---------- Task material ----------
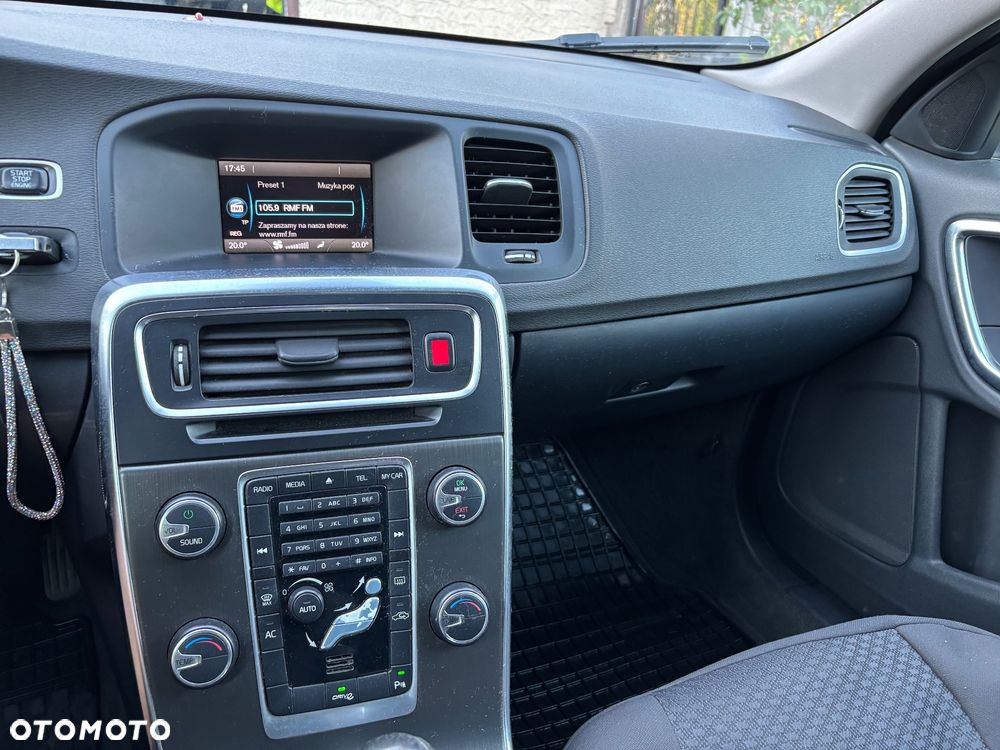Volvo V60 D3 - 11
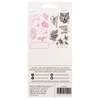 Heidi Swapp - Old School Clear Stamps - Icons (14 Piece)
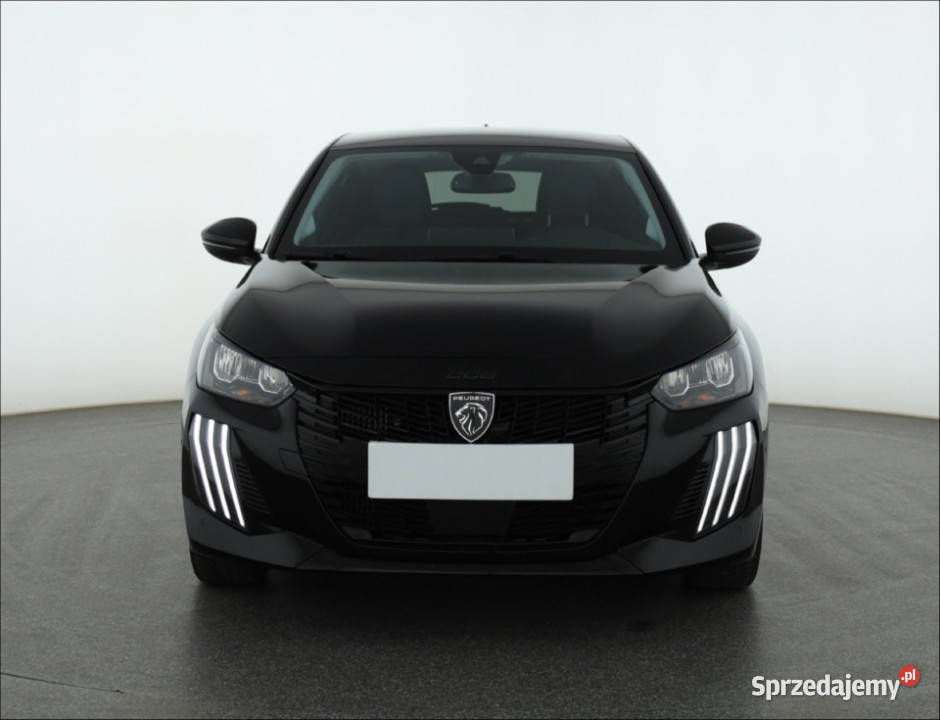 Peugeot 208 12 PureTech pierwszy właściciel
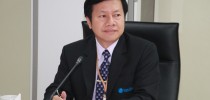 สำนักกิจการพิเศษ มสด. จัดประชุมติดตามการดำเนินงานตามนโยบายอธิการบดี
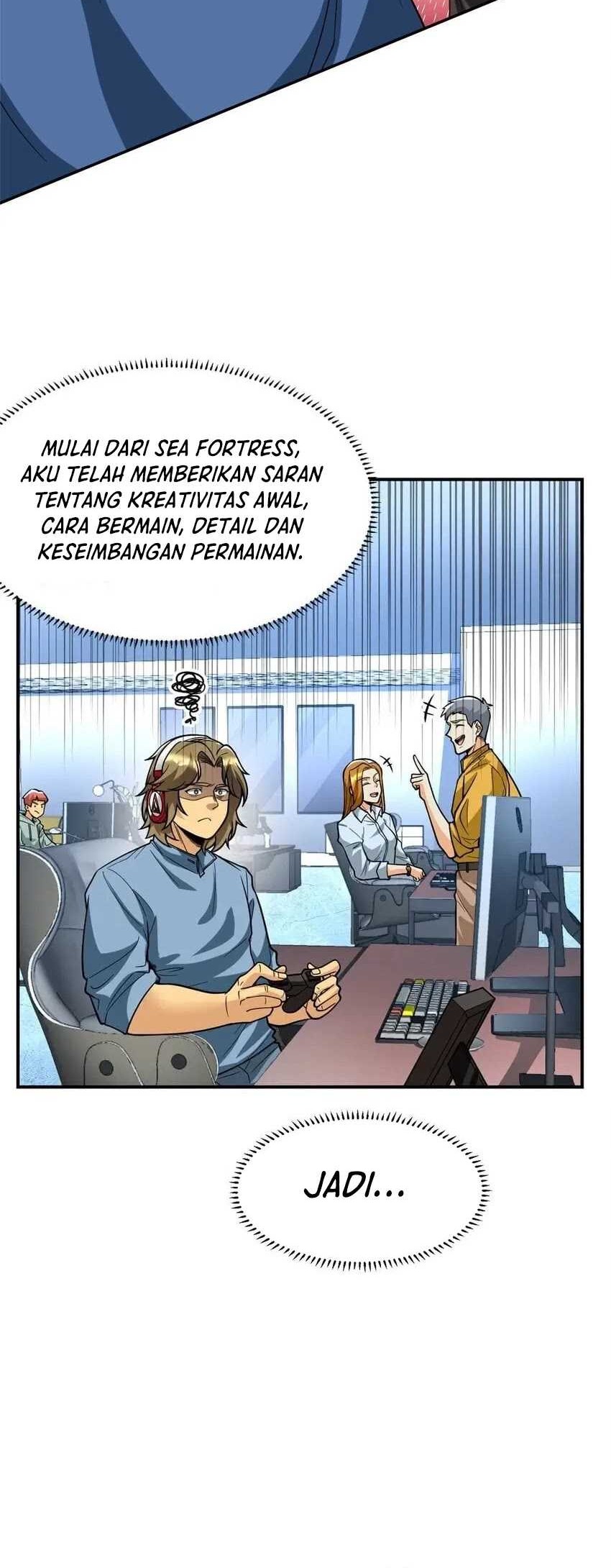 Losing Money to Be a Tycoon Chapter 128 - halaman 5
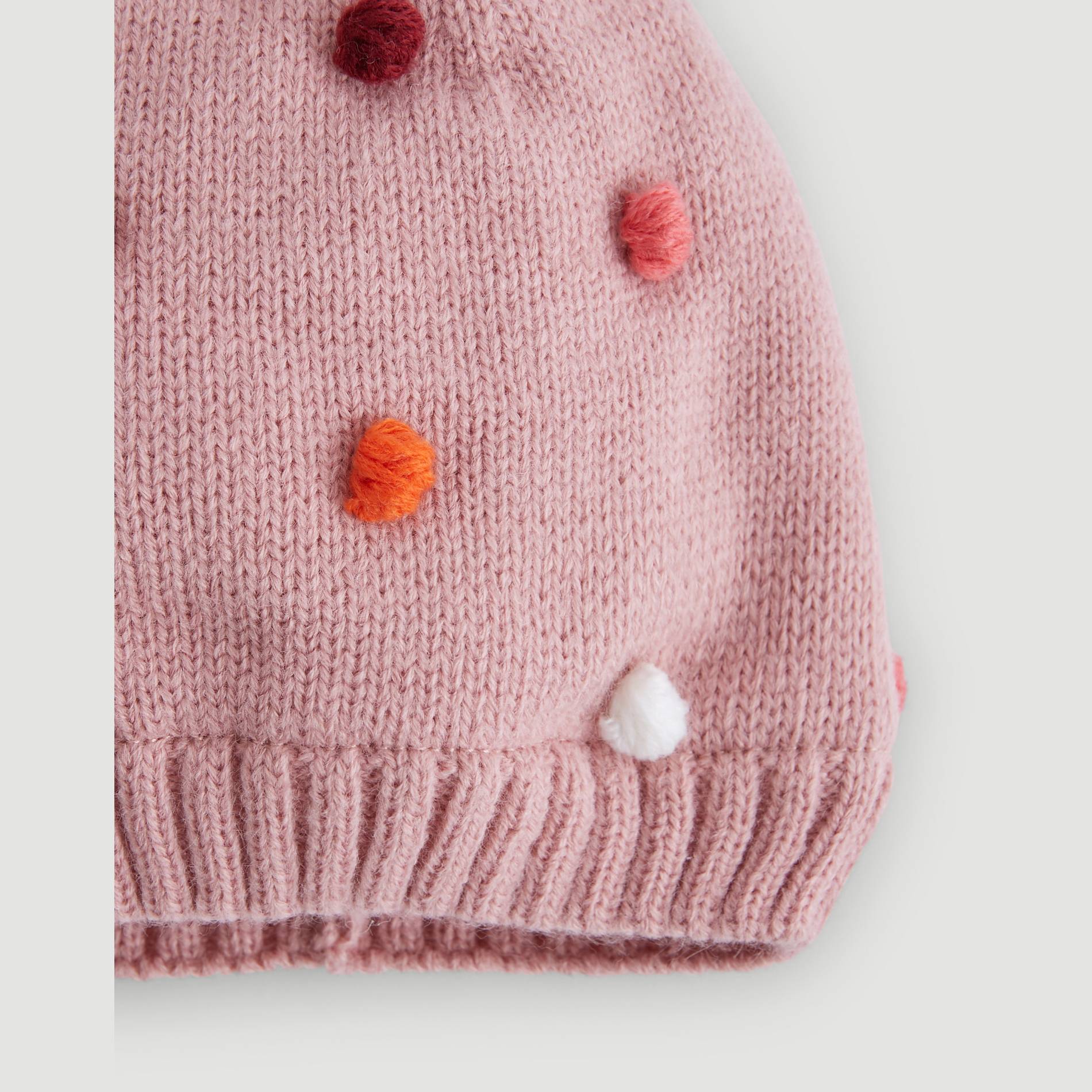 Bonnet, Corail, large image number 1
----------
# The task:
An exact copy of the lines above, from the first through the line that holds "Losing Money to", is what is needed; leave the pictures out.

# Exercise answer:
Volvo V60 D3 - 11
 Heidi Swapp - Old School Clear Stamps - Icons (14 Piece)
 Peugeot 208 12 PureTech pierwszy właściciel
 สำนักกิจการพิเศษ มสด. จัดประชุมติดตามการดำเนินงานตามนโยบายอธิการบดี
 Losing Money to Be a Tycoon Chapter 128 - halaman 5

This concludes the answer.